Un juge fédéral de l'Etat voisin du Vermont, dans le nord-est des Etats-Unis, a ordonné vendredi "au gouvernement de la relâcher immédiatement".

Le seul motif invoqué par l'administration Trump pour justifier l'expulsion de Rumeysa Ozturk est un article qu'elle avait cosigné en mars 2024 dans son journal universitaire, le Tufts Daily, critiquant la façon dont son établissement gérait le mouvement de protestation contre la guerre menée par Israël dans la bande de Gaza.

L'exécutif a eu depuis largement l'occasion de présenter d'autres éléments à charge, mais ne l'a pas fait, a rappelé le juge William Sessions au terme d'une audience à laquelle elle a participé en visioconférence d'un centre de détention géré par ICE en Louisiane (sud) où elle est incarcérée depuis plus de six semaines.

"Dans le même temps, la prolongation de sa détention censure la liberté d'expression de millions de personnes qui ne sont pas citoyens de ce pays. N'importe laquelle d'entre elles peut maintenant hésiter à exercer sa liberté d'expression garantie par le Premier amendement (de la Constitution, NDLR) de crainte d'être embarquée vers un centre de détention loin de chez elle", a souligné le magistrat.

- Procédure d'expulsion en cours -

Le juge Sessions a refusé d'assortir cette libération des restrictions de mouvement suggérées par le gouvernement. Rumeysa Ozturk est "libre de retourner chez elle au Massachusetts" et dans le Vermont et de se déplacer au-delà de ces deux Etats, a-t-il précisé.

Il a néanmoins exigé que cette libération soit supervisée régulièrement par un centre municipal de réinsertion des détenus dans le Vermont qui lui en rendra compte.

Le magistrat a également proposé que les deux parties conviennent de "conditions légères" à sa liberté d'aller et venir puisqu'elle reste sous le coup d'une procédure d'expulsion.
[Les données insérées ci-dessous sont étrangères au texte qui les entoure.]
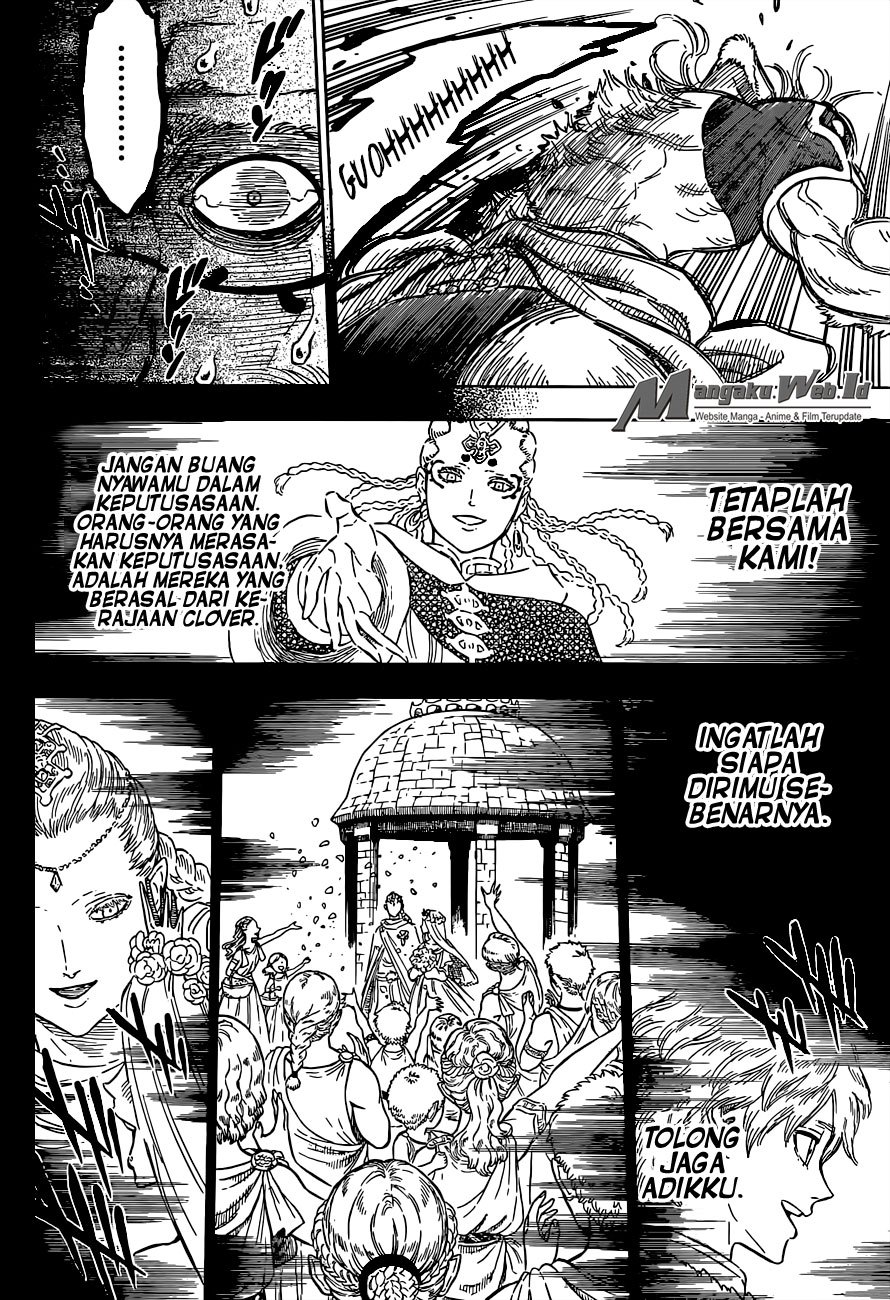Black Clover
Le ministre turc de la Justice, Yilmaz Tunç, a salué cette libération comme un "développement positif qui apaise notre conscience", dans une déclaration sur X, estimant "inacceptable qu'un individu soit poursuivi en raison de sa foi et de son soutien à la Palestine".

Un conseiller de la Maison Blanche, Stephen Miller, a en revanche dénoncé une fois de plus "un coup d'Etat judiciaire", assurant que la révocation d'un visa relevait des prérogatives exclusives du pouvoir exécutif.

"Passer plus de six semaines en détention pour avoir écrit une tribune est un cauchemar constitutionnel. Sa libération est une victoire pour quiconque défend la justice, la liberté d'expression et les droits humains fondamentaux", a réagi dans un communique Monica Allard, une avocate de l'influente organisation de défense des droits civiques ACLU.

Dans une affaire similaire, un autre juge fédéral du Vermont avait ordonné le 30 avril la libération d'un étudiant palestinien impliqué dans le mouvement à l'université Columbia contre la guerre à Gaza et arrêté en pleine démarche de naturalisation deux semaines auparavant.

Mohsen Mahdawi est le cofondateur d'un groupe d'étudiants palestiniens à l'université new-yorkaise Columbia, avec Mahmoud Khalil, figure de la mobilisation estudiantine propalestinienne aux Etats-Unis, que l'administration de Donald Trump tente d'expulser depuis son arrestation le 8 mars.

Le président républicain a lancé une offensive contre les grandes universités américaines, les accusant de laisser prospérer sur leurs campus des mouvements de soutien aux Palestiniens face à l'offensive israélienne dans la bande de Gaza, qu'il assimile à des manifestations d'antisémitisme.